【痛風の歴史】

人類の歴史を紐解くと、病気との闘いの記録が端々に見受けられるものです。
痛風も、長い人類の歴史の中で幾度と無く人類を苦しめてきた病気の一つといえます。
どのような形で人類は痛風に遭遇し、痛風と闘ってきたのでしょうか?
ここでは、痛風の歴史について紹介していきます。

人類と痛風の歴史

人類の歴史に記されているのは、「どの文明が栄えたか」や「誰がどのような偉業を成したか」などの教科書で取り上げられているような出来事だけではありません。「どのような病気があったか」といった、医学史としての側面を持っているのです。では、痛風はどのような形で歴史に関わっていたのでしょうか?

紀元前の痛風

痛風の歴史は、人類が文明を興した紀元前の時期から始まっているといえます。古代エジプトのミイラから痛風の結晶が発見されたことや、古代ギリシャの哲学者であるソクラテスが痛風と思しき病気の記録を残しているなど、痛風は文明が栄えてくると発生する病気であったことが窺えます。

古代ローマの痛風

「全ての道はローマに通ず」といわれる程の栄華を誇った古代ローマにおいては、痛風は貴族たちの間に蔓延する病気であったといわれています。原因としては豪華な食生活が挙げられますが、もう一つ致命的な原因が古代ローマ文明にはありました。それは「鉛」です。古代ローマでは鉛製の食器や水道管が使われており、食品添加物としても鉛化合物が日常的に使用されていたのです。
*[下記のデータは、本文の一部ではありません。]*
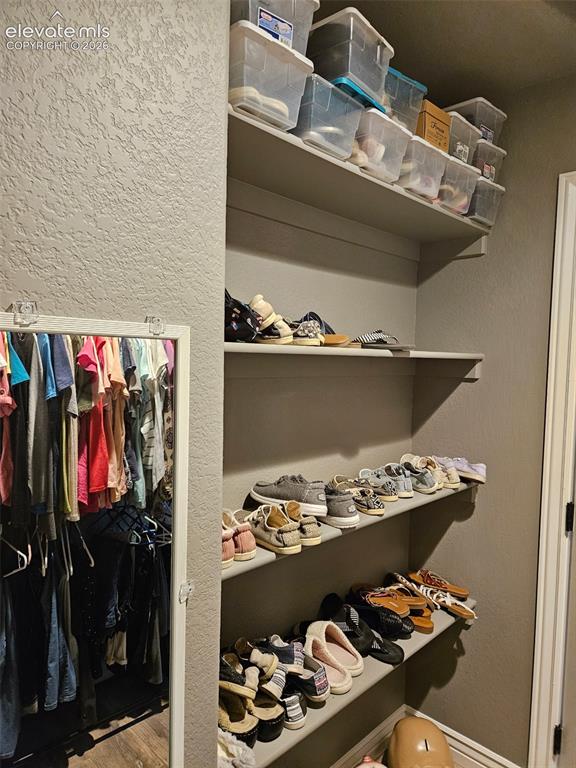 Image 24 of 37: Master walk in closet
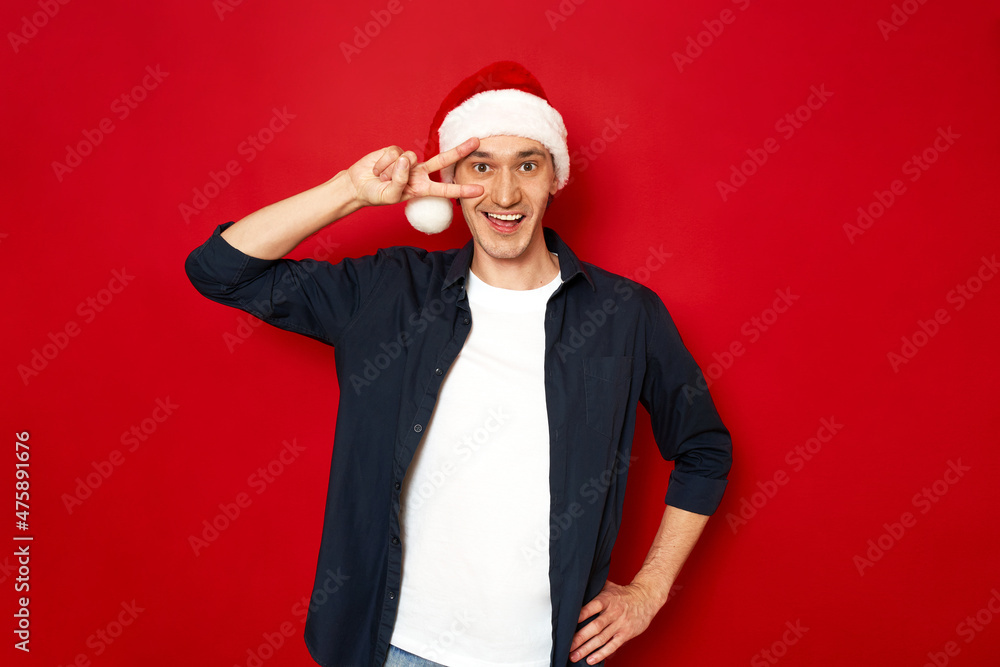 excited smiling man in xmas hat shows victorious gesture with his hand near his face, V sign dressed in blue shirt celebrating new year, vaccinated. concept of health, celebration, space for text excited smiling man in xmas hat shows victorious gesture with his hand near his face, V sign dressed in blue shirt celebrating new year, vaccinated. concept of health, celebration, space for text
体内に蓄積した多量の鉛が痛風を引き起こす原因となり、多くのローマ市民を苦しめることになったという説があるほどです。

モンゴル帝国の痛風

13世紀にチンギス・ハンによって建国されたモンゴル帝国においても、痛風は悩みの種であったといわれています。モンゴルの遊牧民は、羊や乳製品を中心とする食生活を持っていますが、動物性タンパク質の過剰摂取が原因となって痛風が起こりやすいという欠点を持っています。そのため、合議制の会合に出席すると都合が悪い首長は痛風を口実にして会合を欠席することが多かったといわれています。

喫茶と痛風

西洋のコーヒーやお茶を飲む習慣は、痛風対策として始まったといわれています。痛風の原因となる尿酸は尿と共に排泄される性質を持っています。尿酸の排泄を促進する為に、コーヒーや紅茶の利尿作用を利用する為に喫茶習慣が誕生したといわれています。中でもお茶は、貿易における優先品として扱われ様々な国に広まっていったのです。

痛風と偉人

歴史上の人物には、痛風を患った人が数多く存在しています。マケドニアのアレクサンドロス大王に始まり、プロイセンのフリードリヒ2世、清教徒革命を起こしたクロムウェル、万有引力を発見したニュートン、進化論のダーウィンとその時代を代表する人物ばかりです。偉人たちに痛風が見られるのは、食生活の豊かさや政治や学問などの運動不足になりがちな仕事が原因になっているといえます。